- _Listed records_

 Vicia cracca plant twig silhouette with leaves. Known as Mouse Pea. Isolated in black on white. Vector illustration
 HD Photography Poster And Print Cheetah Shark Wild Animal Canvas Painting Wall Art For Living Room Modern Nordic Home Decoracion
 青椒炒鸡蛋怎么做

--

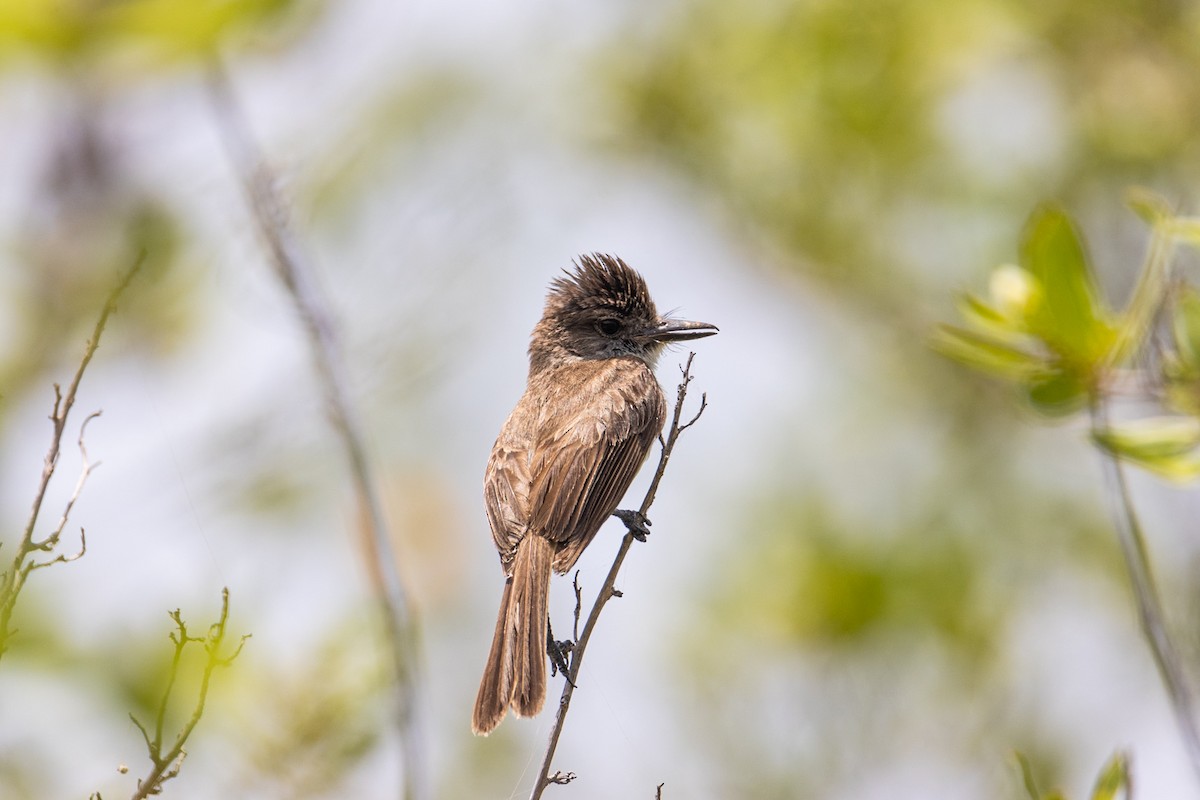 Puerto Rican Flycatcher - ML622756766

- _Task instructions_
From the data above, output exactly the lines between the one containing "Vicia cracca plant" and the one containing "HD Photography Poster", counting both of them.

- _Finished exercise_
 Vicia cracca plant twig silhouette with leaves. Known as Mouse Pea. Isolated in black on white. Vector illustration
 HD Photography Poster And Print Cheetah Shark Wild Animal Canvas Painting Wall Art For Living Room Modern Nordic Home Decoracion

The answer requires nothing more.